# EXERCISE:
Take the line with "3VV2B7AX7KM058163 Photo# 13" and every line after it in the entries below, and set them down exactly, without any pictures.

# LISTED ENTRIES:
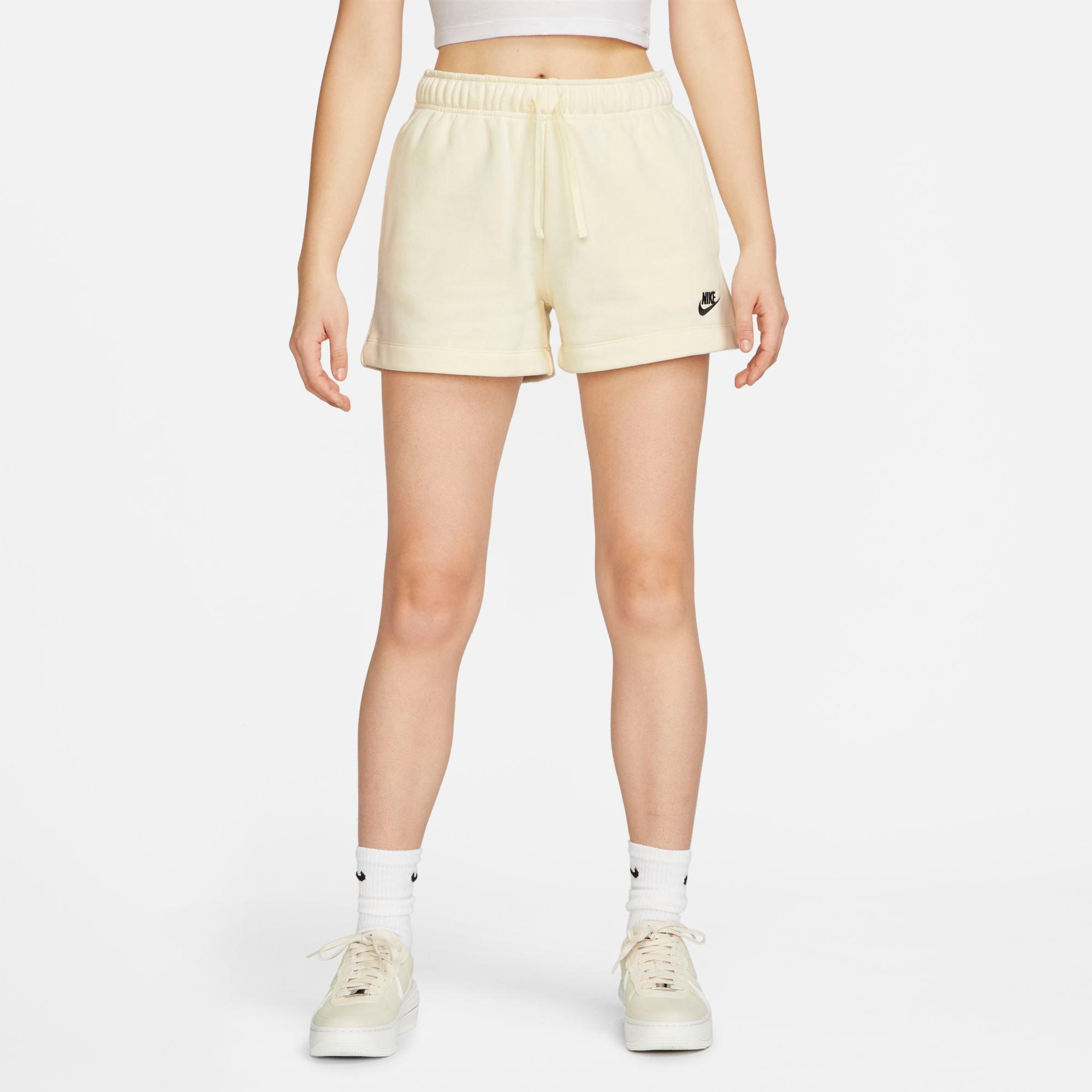 Nike Women's Sportswear Club Fleece Mid-rise Shorts In Coconut Milk/black
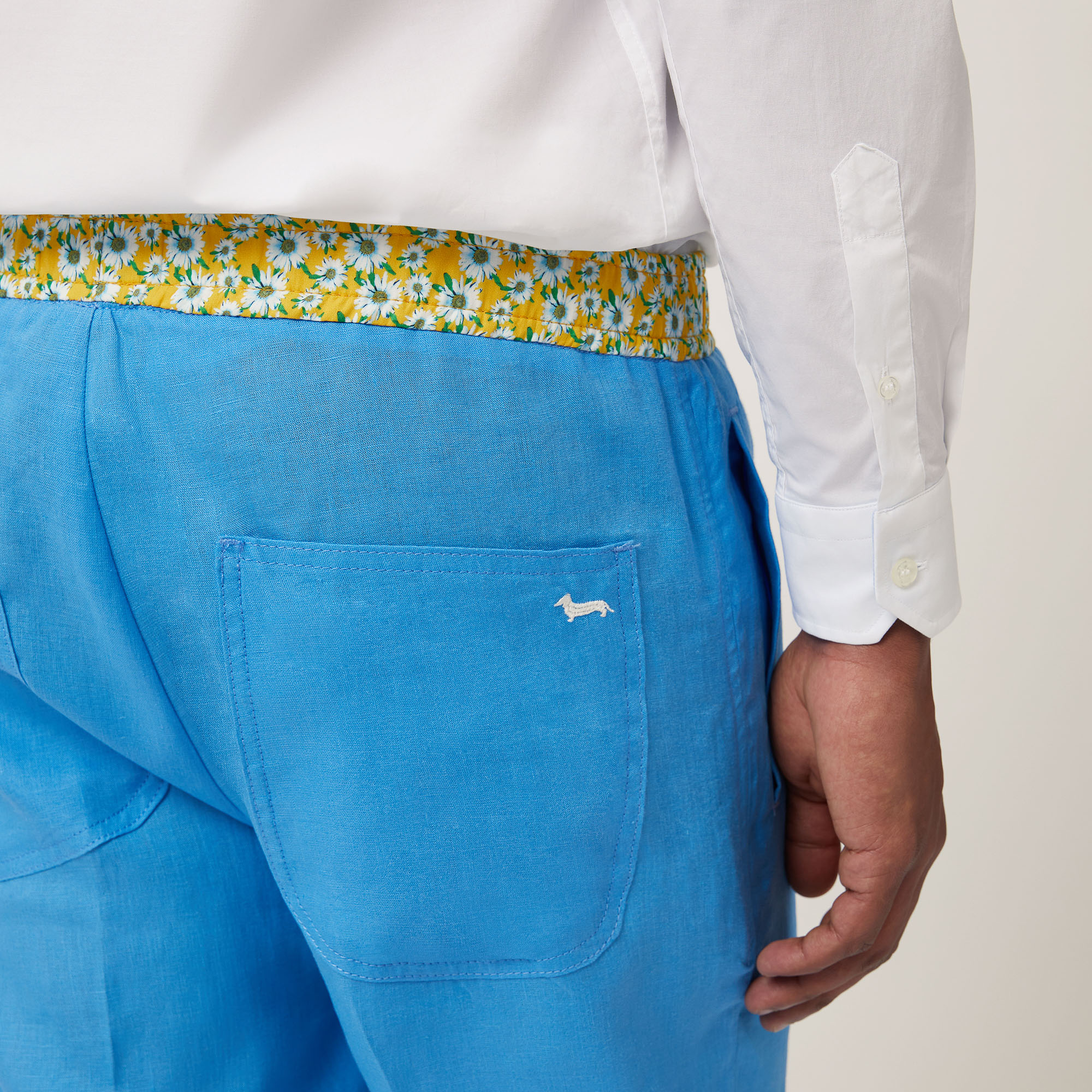 Linen Pants with Daisies, Light Blue, large image number 2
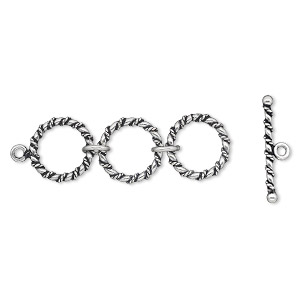 Clasp, antiqued sterling silver, 51x16mm toggle with twisted design and three rings. Sold individually.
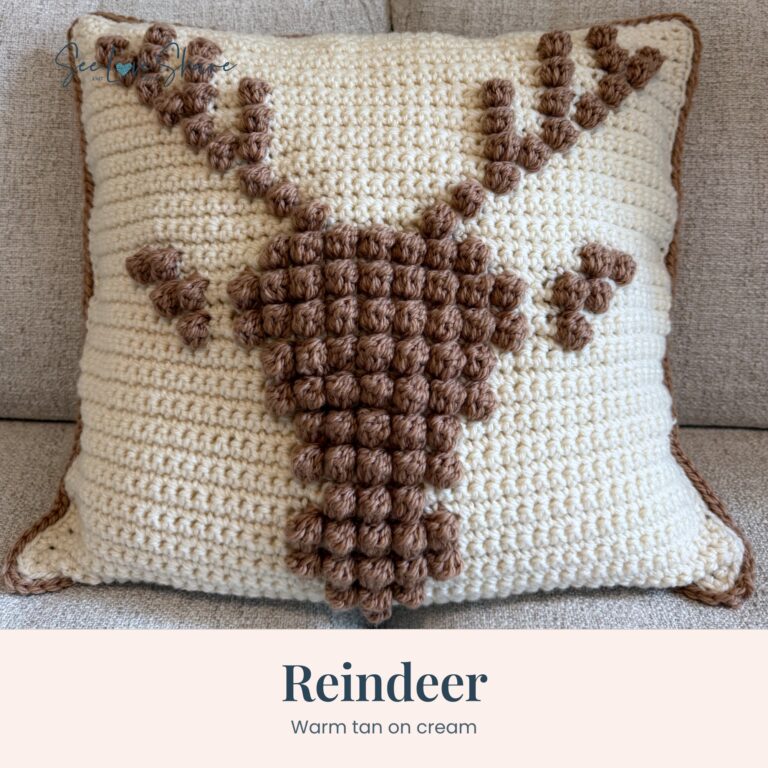 Crochet reindeer bobble pillow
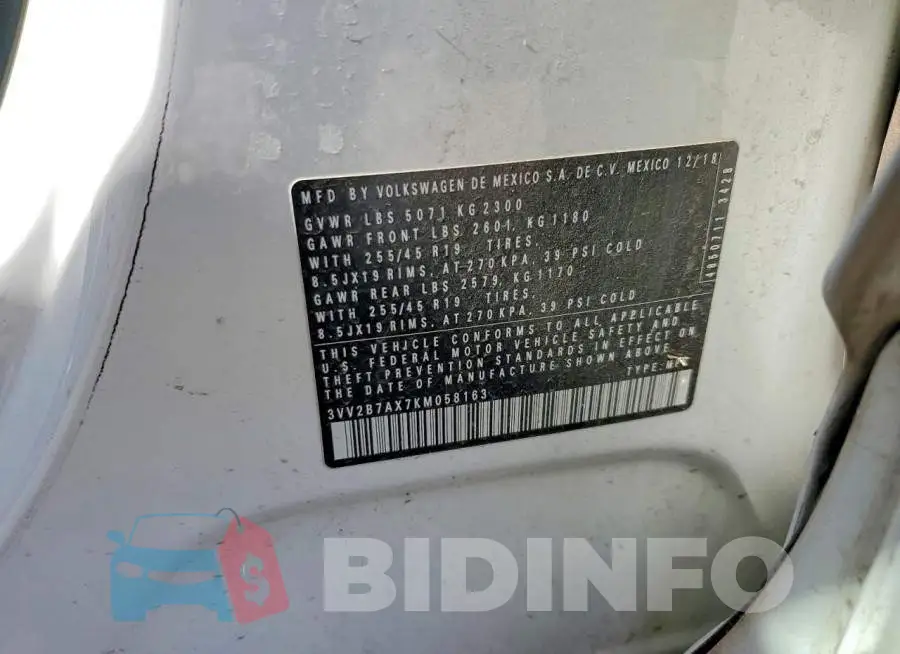 3VV2B7AX7KM058163 Photo# 13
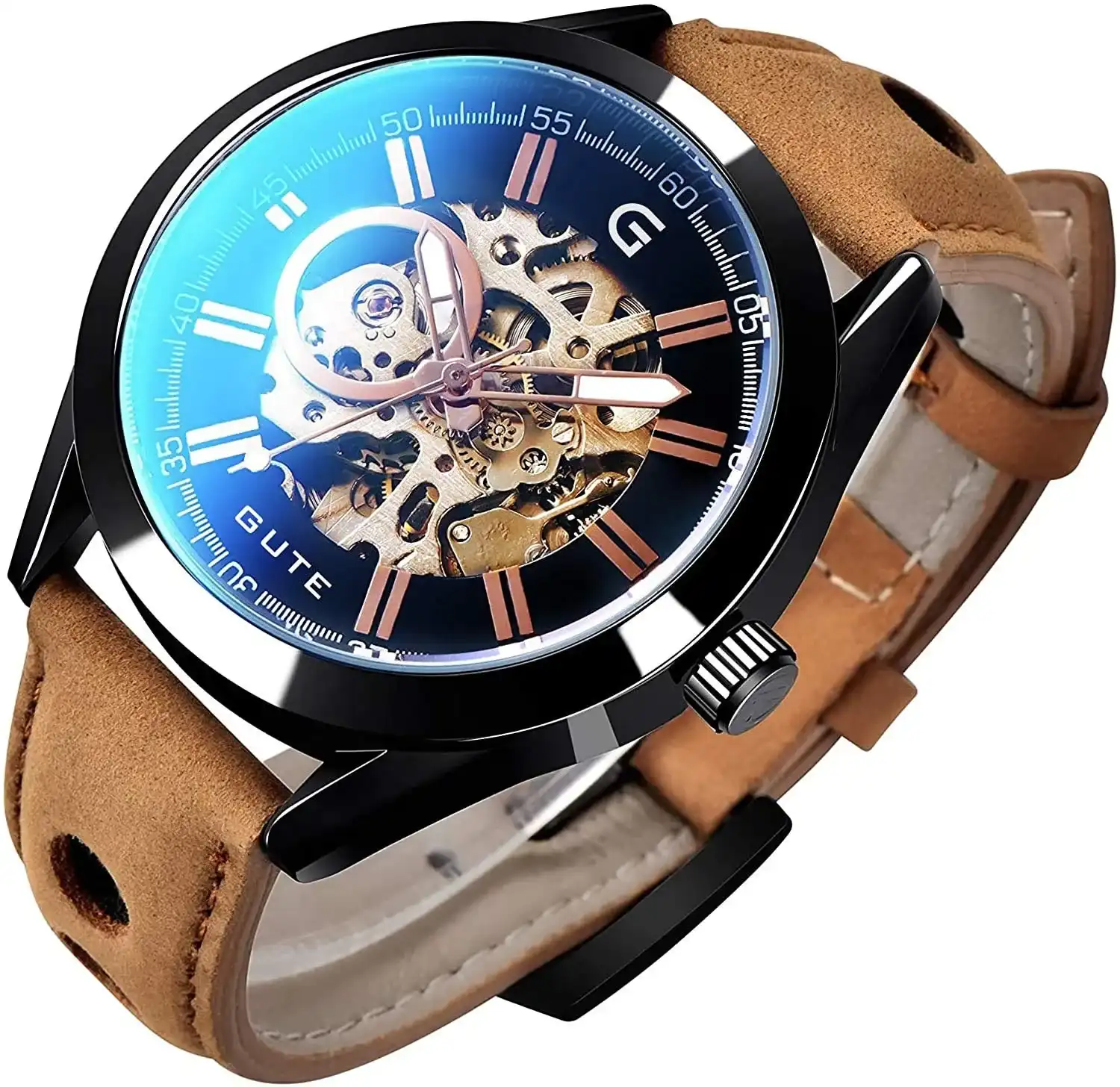 Lige skeleton automatic watch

# RESULT:
 3VV2B7AX7KM058163 Photo# 13
 Lige skeleton automatic watch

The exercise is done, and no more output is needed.